Does the Future Face New Enemies?

In 1998, Virginia Postrel published The Future and Its Enemies, an invigorating argument for a society driven by invention and economic freedom. The book distinguishes between two categories of politically engaged Americans: “Stasists,” who wish for society to remain rooted in place and controlled by a central authority, and “dynamists,” who favor the cultural unpredictability provided by creative destruction. At the time, Postrel regarded these labels as largely non-partisan; Pat Buchanan and Ralph Nader, for instance, were equally loyal to the stasist cause in their opposition to free trade. And today, she continues to apply them to figures on both left and right, even as America has reckoned with new domestic challenges and shifting political alignments. Over Zoom recently, with darkness encroaching outside at a disagreeably early hour, Postrel and I discussed how she came to identify as a dynamist, the applicability of The Future and Its Enemies to contemporary society, and the nature of American libertarianism. For the present moment, our conversation was also refreshingly optimistic.

Born in 1960, Postrel was raised in Greenville, South Carolina, which she described as an “information-scarce environment.” Though her parents were both intellectually curious, the surrounding culture was far from academic. “It’s not a deprived environment, it’s just relatively deprived compared to people who grew up in the Northeast or similar,” Postrel told me. “Books are scarce; we had a lot of books in our house but the library is small. It’s also a very parochial background in the sense that it’s very southern, it’s very within the Presbyterian Church.” Postrel’s father was an engineer, while her mother eventually became an English professor and “once wrote a paper on Paul Tillich for fun for a ladies’ group.” Yet although her parents had both been educated at liberal arts colleges, they retained a perception of the world rooted in Southern piety, and much of Postrel’s early education concerned church history and the Bible. Her exposure to events beyond her community principally came from newspapers, and she was unaware of most political magazines. “The fact that my grandmother gave my father a subscription every year to the Wall Street Journal as a Christmas present is hugely important,” she said. “My boyfriend gave me a subscription to National Observer, which was a weekly newspaper put out by the Wall Street Journal, which then went under and was replaced. I think I got Harper’s after that. But that wasn’t until I was in college.”

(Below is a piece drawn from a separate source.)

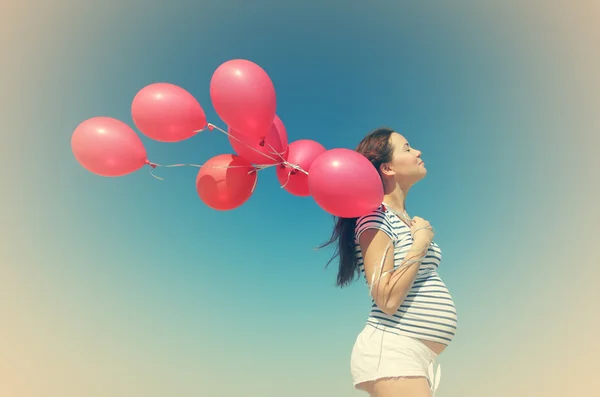 Unga gravid kvinna med röda ballonger — Stockfoto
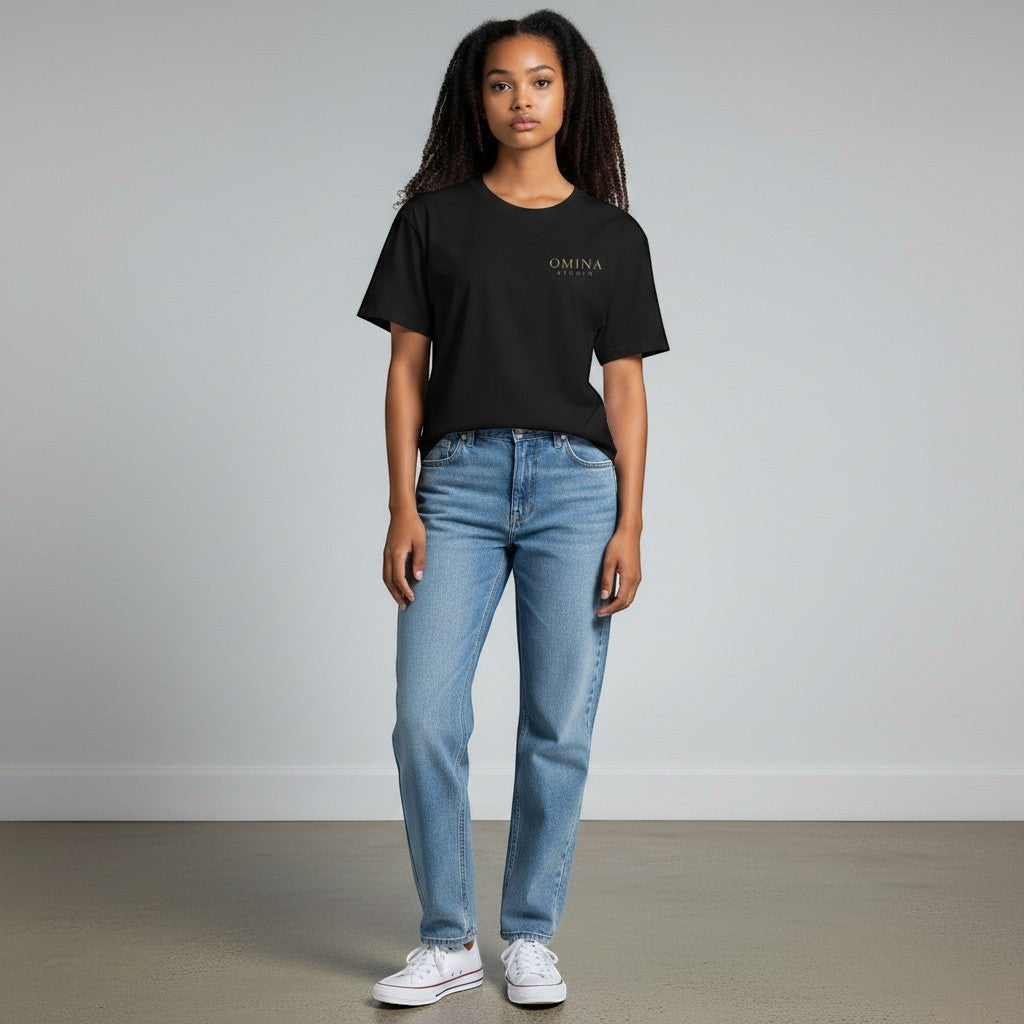 Omina Studio black cotton t-shirt with minimalist gold logo on chest, worn by a woman with light wash jeans.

As a high schooler, Postrel excelled in literature and took a particular interest in history, though her school’s curriculum was limited. “I went to a South Carolina public high school that basically only offered American history,” she told me. “But I had a very good AP American history class where we read a lot of primary sources. And it was the first time I was exposed to the idea that historians disagree about things.” An eccentric social studies teacher who awarded students extra credit for reading Machiavelli’s The Prince introduced Postrel to European history, and she supplemented her education by viewing PBS documentaries and studying the work of Martin Luther and John Calvin. Attaining an exceptional score on the SAT allowed her to attend Princeton University, where she expected to major in history. But her plans swiftly changed.

“My first history class was, first of all, not very good,” Postrel recalled. “If I’d had a different professor, my academic life could have been different. And secondly, it was this class on early modern Europe that was really like taking a sip from a fire hose. I’d never heard of anything. The War of the Three Henrys – what the hell is that? Calvin, Luther, and Machiavelli got me through the midterm, but I realized it was just easier for me to be an English major and use that to do some historical stuff on ideas of the early modern period I was interested in.” Throughout her degree, Postrel took classes on economics and studied moral philosophy under Thomas Nagel, who gave her a particular appreciation for thinkers and concepts of the Scottish Enlightenment such as David Hume. Her greatest inspiration in college, however, was another student rather than a professor.